Among the entries below, only the lines starting at the one with "動物福祉 ペット 幸せ 活動" and ending at the one with "Fig. 4. Sequence", both included, are to be printed exactly.

Extracted records
# # # # # # #

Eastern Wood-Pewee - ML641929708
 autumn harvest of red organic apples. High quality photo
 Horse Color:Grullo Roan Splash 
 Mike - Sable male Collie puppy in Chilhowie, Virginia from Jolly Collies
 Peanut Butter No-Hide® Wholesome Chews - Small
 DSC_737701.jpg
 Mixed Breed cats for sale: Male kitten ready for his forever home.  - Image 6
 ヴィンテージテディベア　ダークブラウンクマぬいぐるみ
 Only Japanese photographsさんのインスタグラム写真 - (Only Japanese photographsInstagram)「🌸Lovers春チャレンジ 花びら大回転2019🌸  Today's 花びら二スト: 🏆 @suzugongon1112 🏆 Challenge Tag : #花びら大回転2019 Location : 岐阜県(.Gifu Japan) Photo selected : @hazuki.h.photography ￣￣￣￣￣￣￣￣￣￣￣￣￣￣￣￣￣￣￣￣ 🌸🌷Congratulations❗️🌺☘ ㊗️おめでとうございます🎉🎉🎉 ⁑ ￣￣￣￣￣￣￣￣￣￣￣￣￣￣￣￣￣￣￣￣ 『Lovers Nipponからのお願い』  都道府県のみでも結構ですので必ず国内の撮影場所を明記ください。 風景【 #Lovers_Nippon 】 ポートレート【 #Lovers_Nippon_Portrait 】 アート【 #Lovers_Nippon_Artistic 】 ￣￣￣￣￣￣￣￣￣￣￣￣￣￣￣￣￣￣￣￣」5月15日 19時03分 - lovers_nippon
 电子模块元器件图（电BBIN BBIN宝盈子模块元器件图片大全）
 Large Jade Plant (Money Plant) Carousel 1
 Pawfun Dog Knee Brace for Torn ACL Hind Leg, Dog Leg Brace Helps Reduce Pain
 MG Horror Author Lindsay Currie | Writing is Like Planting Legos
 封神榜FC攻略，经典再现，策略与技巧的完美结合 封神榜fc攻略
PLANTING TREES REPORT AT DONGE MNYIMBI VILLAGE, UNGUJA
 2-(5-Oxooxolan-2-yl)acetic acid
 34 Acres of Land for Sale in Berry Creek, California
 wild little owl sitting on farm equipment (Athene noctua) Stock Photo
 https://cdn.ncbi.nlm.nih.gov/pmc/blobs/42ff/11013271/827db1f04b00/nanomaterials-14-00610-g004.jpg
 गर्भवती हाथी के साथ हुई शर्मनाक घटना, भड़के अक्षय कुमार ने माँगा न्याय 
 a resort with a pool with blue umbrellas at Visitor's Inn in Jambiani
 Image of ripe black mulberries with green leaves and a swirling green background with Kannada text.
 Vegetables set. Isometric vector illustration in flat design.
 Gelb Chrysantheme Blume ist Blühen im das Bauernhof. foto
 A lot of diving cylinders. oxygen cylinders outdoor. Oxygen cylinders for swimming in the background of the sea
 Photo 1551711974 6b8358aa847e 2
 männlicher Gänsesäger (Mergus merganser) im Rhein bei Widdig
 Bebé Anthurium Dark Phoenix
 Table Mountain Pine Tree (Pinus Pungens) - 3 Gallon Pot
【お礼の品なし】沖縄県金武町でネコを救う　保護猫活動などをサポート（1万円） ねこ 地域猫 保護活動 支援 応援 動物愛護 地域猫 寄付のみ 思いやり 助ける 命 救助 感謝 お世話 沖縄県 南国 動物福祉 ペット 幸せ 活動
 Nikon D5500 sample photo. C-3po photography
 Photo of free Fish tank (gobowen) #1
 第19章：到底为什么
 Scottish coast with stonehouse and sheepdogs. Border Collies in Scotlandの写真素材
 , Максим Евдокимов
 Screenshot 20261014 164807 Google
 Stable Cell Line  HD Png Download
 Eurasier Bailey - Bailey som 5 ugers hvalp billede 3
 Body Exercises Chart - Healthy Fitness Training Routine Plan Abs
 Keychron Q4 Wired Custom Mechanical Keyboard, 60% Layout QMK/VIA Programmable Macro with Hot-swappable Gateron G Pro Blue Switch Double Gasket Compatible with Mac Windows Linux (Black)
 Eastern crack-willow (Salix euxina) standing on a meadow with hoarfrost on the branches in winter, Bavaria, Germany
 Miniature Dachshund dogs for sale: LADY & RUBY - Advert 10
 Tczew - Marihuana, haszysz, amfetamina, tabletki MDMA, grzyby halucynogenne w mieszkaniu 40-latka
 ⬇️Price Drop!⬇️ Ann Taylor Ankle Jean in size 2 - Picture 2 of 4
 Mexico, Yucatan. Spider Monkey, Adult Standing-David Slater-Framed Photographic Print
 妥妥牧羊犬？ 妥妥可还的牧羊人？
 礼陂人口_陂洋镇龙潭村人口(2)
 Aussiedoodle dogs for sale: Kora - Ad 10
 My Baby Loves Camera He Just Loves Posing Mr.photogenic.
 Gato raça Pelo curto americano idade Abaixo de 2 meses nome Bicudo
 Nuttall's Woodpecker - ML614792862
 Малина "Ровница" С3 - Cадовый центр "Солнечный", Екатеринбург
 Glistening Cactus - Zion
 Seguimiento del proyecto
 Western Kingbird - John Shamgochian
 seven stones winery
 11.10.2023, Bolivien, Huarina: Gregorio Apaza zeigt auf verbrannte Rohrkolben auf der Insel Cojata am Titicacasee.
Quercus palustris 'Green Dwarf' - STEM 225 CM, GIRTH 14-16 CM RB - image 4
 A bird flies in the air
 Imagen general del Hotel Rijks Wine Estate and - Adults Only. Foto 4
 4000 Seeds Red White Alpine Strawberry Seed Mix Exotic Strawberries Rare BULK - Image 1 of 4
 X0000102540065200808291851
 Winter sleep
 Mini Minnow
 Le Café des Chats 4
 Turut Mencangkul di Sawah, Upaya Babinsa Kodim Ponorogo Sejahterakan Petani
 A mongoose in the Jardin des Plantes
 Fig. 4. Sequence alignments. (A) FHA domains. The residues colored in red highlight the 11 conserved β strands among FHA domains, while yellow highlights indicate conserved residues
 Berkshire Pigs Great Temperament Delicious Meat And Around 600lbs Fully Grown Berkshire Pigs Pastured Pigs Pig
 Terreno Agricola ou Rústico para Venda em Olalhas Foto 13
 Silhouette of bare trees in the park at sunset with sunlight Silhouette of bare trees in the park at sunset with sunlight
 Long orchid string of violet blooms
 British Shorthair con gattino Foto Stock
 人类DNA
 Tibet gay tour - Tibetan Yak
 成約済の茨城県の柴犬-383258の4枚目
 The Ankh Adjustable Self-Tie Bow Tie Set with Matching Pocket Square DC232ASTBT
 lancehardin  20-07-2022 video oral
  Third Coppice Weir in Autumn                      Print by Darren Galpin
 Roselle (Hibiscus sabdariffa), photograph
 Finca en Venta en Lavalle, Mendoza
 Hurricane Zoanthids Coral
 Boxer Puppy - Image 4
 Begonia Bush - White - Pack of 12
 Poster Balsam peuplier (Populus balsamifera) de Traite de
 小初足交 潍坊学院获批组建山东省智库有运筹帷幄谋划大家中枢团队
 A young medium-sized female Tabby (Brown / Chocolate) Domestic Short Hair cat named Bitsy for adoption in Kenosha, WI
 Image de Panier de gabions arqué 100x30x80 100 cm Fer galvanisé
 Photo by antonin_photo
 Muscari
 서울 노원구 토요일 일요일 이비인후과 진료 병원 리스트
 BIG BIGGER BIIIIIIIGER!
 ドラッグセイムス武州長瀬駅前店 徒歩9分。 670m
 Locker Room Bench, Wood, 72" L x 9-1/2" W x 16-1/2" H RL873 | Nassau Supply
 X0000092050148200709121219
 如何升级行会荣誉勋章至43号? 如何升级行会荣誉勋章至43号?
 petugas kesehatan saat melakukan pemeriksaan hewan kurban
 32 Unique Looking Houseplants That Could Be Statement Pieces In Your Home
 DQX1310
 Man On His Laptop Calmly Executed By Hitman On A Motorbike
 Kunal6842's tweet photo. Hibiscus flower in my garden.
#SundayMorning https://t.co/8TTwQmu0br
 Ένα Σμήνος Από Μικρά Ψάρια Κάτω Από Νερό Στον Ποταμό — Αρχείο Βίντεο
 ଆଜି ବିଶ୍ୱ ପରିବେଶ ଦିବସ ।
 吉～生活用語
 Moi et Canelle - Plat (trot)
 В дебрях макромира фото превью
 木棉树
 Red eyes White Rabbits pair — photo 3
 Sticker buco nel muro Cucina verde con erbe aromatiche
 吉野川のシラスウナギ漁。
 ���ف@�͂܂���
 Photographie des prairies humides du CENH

# # # # # # #

> _Exercise output_
【お礼の品なし】沖縄県金武町でネコを救う　保護猫活動などをサポート（1万円） ねこ 地域猫 保護活動 支援 応援 動物愛護 地域猫 寄付のみ 思いやり 助ける 命 救助 感謝 お世話 沖縄県 南国 動物福祉 ペット 幸せ 活動
 Nikon D5500 sample photo. C-3po photography
 Photo of free Fish tank (gobowen) #1
 第19章：到底为什么
 Scottish coast with stonehouse and sheepdogs. Border Collies in Scotlandの写真素材
 , Максим Евдокимов
 Screenshot 20261014 164807 Google
 Stable Cell Line  HD Png Download
 Eurasier Bailey - Bailey som 5 ugers hvalp billede 3
 Body Exercises Chart - Healthy Fitness Training Routine Plan Abs
 Keychron Q4 Wired Custom Mechanical Keyboard, 60% Layout QMK/VIA Programmable Macro with Hot-swappable Gateron G Pro Blue Switch Double Gasket Compatible with Mac Windows Linux (Black)
 Eastern crack-willow (Salix euxina) standing on a meadow with hoarfrost on the branches in winter, Bavaria, Germany
 Miniature Dachshund dogs for sale: LADY & RUBY - Advert 10
 Tczew - Marihuana, haszysz, amfetamina, tabletki MDMA, grzyby halucynogenne w mieszkaniu 40-latka
 ⬇️Price Drop!⬇️ Ann Taylor Ankle Jean in size 2 - Picture 2 of 4
 Mexico, Yucatan. Spider Monkey, Adult Standing-David Slater-Framed Photographic Print
 妥妥牧羊犬？ 妥妥可还的牧羊人？
 礼陂人口_陂洋镇龙潭村人口(2)
 Aussiedoodle dogs for sale: Kora - Ad 10
 My Baby Loves Camera He Just Loves Posing Mr.photogenic.
 Gato raça Pelo curto americano idade Abaixo de 2 meses nome Bicudo
 Nuttall's Woodpecker - ML614792862
 Малина "Ровница" С3 - Cадовый центр "Солнечный", Екатеринбург
 Glistening Cactus - Zion
 Seguimiento del proyecto
 Western Kingbird - John Shamgochian
 seven stones winery
 11.10.2023, Bolivien, Huarina: Gregorio Apaza zeigt auf verbrannte Rohrkolben auf der Insel Cojata am Titicacasee.
Quercus palustris 'Green Dwarf' - STEM 225 CM, GIRTH 14-16 CM RB - image 4
 A bird flies in the air
 Imagen general del Hotel Rijks Wine Estate and - Adults Only. Foto 4
 4000 Seeds Red White Alpine Strawberry Seed Mix Exotic Strawberries Rare BULK - Image 1 of 4
 X0000102540065200808291851
 Winter sleep
 Mini Minnow
 Le Café des Chats 4
 Turut Mencangkul di Sawah, Upaya Babinsa Kodim Ponorogo Sejahterakan Petani
 A mongoose in the Jardin des Plantes
 Fig. 4. Sequence alignments. (A) FHA domains. The residues colored in red highlight the 11 conserved β strands among FHA domains, while yellow highlights indicate conserved residues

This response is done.